Companies are exploring new drugs, especially in the new biotech space. Many will outsource their clinical and commercial manufacturing. Some will need to move into their own pilot facilities for clinical scale production and eventually commercial scale manufacturing facilities. This is the time to understand more about different automation solutions and options available, to understand the benefits versus cost to reap the full benefits in the future. An opportunity to leap frog against competition is to become efficient and profitable by adopting new concepts and technologies.

At the other end, established pharmaceutical manufacturers are in general very reluctant to modernize their existing facilities due mainly to the perceived cost of regulatory compliance. This observation is even more pronounced in the Asia- Pacific region as manufacturers are mainly generics producers. Validated state of their plant prevents them from moving forward. This risk prevents them from adopting a continuous improvement philosophy, leaving the pharmaceutical industry lagging behind industries such as food and beverage and automotive.
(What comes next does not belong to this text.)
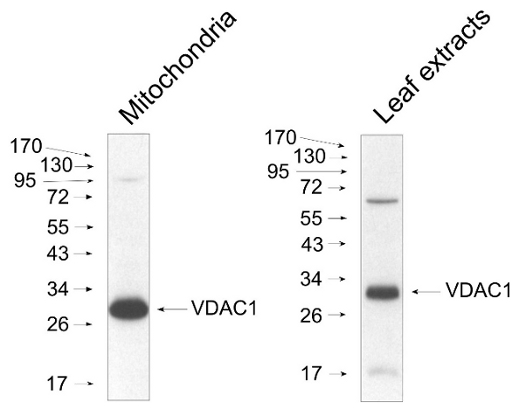 western blot using anti-VDAC1 antibodies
Leading regulators such as the US FDA recognize this and are putting guidelines in place to offer the pharmaceutical industry the flexibility to adopt technology that would help improve quality, yield and bring costs down. Initiatives such as risk-based approach and quality by design are helping pharmaceutical manufacturers move towards this direction. This general observation can also be said about new plant investments to adopting new concepts and technologies.

With the possibility of risk-based approach to validation, PAT initiatives and quality by design, manufacturers can better understand their design space, validate it and improve the processes within the design space without affecting the validated state.